In the entries that follow, the lines from the one with "Displays the core" through the one with "photo 3 Honda" are the ones to write out, exactly and with both ends included. Nothing else should appear.

##### EXTRACTED DATA #####

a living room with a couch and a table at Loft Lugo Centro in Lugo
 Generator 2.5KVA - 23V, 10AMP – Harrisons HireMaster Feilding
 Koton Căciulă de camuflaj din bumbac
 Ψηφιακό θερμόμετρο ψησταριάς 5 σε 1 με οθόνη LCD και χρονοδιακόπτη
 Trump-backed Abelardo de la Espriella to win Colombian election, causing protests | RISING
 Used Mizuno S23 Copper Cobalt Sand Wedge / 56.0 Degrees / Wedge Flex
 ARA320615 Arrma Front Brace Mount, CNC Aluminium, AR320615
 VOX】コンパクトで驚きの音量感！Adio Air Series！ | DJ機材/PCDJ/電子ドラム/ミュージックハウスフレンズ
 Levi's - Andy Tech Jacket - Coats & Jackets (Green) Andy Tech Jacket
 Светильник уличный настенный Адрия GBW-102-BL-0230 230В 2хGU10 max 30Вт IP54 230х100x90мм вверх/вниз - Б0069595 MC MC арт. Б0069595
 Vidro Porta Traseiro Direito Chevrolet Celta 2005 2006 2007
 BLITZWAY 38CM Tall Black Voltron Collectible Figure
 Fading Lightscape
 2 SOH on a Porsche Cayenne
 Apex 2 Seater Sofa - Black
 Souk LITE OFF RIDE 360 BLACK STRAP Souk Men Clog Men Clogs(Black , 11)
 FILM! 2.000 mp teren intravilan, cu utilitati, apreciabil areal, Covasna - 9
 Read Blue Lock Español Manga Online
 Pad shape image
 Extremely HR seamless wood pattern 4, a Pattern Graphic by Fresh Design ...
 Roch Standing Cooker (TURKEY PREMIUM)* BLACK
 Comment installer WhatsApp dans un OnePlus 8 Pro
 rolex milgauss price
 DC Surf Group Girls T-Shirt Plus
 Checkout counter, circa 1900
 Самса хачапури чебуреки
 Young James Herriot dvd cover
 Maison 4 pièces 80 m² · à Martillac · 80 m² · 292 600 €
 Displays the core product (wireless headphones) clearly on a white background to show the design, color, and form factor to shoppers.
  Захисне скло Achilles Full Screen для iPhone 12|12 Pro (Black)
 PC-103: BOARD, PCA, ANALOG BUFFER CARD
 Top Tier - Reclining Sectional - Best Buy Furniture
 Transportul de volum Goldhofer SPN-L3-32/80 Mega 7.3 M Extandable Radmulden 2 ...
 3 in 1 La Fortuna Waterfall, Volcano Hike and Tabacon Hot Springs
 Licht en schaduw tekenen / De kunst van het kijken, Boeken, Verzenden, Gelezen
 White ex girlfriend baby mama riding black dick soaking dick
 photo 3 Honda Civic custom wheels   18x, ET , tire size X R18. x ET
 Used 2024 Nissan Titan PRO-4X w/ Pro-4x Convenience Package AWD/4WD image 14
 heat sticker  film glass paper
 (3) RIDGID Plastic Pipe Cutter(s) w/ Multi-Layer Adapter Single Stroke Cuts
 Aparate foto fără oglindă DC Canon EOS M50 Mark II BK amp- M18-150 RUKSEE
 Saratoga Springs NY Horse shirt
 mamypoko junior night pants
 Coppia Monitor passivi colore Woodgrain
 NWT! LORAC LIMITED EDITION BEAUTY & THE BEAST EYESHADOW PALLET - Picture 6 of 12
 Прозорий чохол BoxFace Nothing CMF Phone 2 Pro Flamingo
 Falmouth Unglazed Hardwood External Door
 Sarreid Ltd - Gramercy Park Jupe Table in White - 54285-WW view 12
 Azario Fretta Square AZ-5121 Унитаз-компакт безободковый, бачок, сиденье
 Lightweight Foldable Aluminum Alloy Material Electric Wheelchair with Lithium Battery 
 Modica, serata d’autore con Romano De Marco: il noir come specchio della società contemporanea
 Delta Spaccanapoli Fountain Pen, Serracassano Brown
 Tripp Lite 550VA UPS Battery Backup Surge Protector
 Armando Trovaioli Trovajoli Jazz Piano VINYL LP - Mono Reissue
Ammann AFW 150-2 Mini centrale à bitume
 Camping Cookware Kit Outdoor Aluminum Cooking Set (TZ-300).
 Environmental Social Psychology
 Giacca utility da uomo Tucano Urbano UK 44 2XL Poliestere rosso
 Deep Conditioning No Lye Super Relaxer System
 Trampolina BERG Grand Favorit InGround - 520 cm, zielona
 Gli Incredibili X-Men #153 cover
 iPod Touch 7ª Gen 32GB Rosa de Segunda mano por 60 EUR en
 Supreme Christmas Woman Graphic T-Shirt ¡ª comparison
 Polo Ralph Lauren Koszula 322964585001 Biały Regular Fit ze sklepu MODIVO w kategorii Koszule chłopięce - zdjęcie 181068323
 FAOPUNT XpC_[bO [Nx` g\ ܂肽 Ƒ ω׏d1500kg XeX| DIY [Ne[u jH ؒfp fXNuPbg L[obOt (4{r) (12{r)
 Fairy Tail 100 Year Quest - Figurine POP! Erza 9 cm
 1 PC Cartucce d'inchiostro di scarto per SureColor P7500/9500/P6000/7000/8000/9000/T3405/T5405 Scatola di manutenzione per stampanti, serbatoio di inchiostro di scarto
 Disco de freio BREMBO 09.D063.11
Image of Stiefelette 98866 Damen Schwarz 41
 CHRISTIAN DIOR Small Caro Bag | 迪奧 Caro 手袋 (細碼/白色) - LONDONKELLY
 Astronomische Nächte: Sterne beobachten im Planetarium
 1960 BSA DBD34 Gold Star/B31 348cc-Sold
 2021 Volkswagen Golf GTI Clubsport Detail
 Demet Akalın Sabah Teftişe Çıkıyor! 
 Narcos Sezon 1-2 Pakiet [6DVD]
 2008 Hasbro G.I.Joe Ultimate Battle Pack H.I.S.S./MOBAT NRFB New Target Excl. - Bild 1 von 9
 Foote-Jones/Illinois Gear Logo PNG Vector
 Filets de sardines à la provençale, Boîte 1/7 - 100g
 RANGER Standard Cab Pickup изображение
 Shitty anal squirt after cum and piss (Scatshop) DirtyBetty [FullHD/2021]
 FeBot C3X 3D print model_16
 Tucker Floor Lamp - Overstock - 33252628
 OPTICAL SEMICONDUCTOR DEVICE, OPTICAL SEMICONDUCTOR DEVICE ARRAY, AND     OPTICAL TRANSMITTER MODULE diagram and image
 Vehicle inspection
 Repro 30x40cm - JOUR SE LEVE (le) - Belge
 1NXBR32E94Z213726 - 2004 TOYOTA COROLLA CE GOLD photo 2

#####

- _OUTPUT OF THE TASK_
 Displays the core product (wireless headphones) clearly on a white background to show the design, color, and form factor to shoppers.
  Захисне скло Achilles Full Screen для iPhone 12|12 Pro (Black)
 PC-103: BOARD, PCA, ANALOG BUFFER CARD
 Top Tier - Reclining Sectional - Best Buy Furniture
 Transportul de volum Goldhofer SPN-L3-32/80 Mega 7.3 M Extandable Radmulden 2 ...
 3 in 1 La Fortuna Waterfall, Volcano Hike and Tabacon Hot Springs
 Licht en schaduw tekenen / De kunst van het kijken, Boeken, Verzenden, Gelezen
 White ex girlfriend baby mama riding black dick soaking dick
 photo 3 Honda Civic custom wheels   18x, ET , tire size X R18. x ET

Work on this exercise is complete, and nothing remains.